With regard to the neuroimaging data, the authors often did not provide a comprehensive account of the statistical analyses, omitting effects for certain patient groups for various contrasts. Similarly, when interaction terms were discussed, most were not unpacked, leaving the reader unable to fully interpret the significance of the result or the direction of various effects. At times in the manuscript, it was unclear whether all diagnostic groups were included in a particular model or whether diagnostic groups were modeled separately. Such reporting makes the results section difficult to follow, and makes clear interpretation of the results challenging. Finally, the authors conducted a number of different tests with various contrasts, but found few significant group-level results. The small sample sizes of the patient groups limit the ability of the authors to make strong claims about negative findings, as these could simply reflect insufficient power to detect effects. As such, one useful topic for discussion would have been the replication or failure to replicate the initial Croxson and colleagues' study (Croxson et al., 2009). However, the authors did not discuss the original study outside of the methods section, and did not seem to replicate key findings of the Croxson paper, including effects in the ventral striatum and cingulate during effort/reward anticipation.

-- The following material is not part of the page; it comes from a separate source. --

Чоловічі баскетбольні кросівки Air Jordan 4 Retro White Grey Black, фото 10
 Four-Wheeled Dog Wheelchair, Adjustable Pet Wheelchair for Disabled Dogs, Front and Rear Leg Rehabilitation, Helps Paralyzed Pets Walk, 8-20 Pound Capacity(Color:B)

In summary, effort-based decision-making represents an intriguing contributory mechanism for motivational impairment across psychiatric disorders. Park and colleagues provide a novel study examining the neural correlates of aberrant effort-based decision-making in MDD, schizophrenia, and control participants. Such transdiagnostic samples are rare and allow for insights into seldom-posed questions including whether a similar behavioral deficit might arise from disparate neural mechanisms. However, interpretative challenges limit a full realization of the implications of their findings, which would have been helped by a more extensive reporting of statistical results, larger sample sizes (particularly in the patient groups), greater justification for the choice of behavioral measures and their construct validity as measures of effort-based decision-making, and a greater ability to rule out alternative explanations for the results. Taken together, these concerns raise questions about the authors’ interpretation of these data―an interpretation that could be misleading to the field. Future work is needed to provide replication and construct validity before we can conclude that there is clear evidence for differences between MDD and schizophrenia in the neural correlates of impaired effort-based decision-making.

Acknowledgements: We would like to thank Drs. Deanna Barch, James Waltz, and James Gold for helpful comments on an initial draft of this manuscript.